### WHAT YOU WILL DO
Below is a listing. Set down exactly the lines from the one containing "A picture of" through the one containing "Процесс покраски самолета Sukhoi Superjet 100 Процесс", both ends included, and leave out the rest.

### INPUT FOR THIS TASK
##############################

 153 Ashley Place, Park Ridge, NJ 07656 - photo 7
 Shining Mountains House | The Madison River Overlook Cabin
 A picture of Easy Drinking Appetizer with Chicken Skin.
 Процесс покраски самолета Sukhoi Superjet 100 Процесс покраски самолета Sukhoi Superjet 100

##############################

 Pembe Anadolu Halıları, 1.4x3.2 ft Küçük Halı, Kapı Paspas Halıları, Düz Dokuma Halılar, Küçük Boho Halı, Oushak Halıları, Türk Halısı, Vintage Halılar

##############################

### TASK RESULT
 A picture of Easy Drinking Appetizer with Chicken Skin.
 Процесс покраски самолета Sukhoi Superjet 100 Процесс покраски самолета Sukhoi Superjet 100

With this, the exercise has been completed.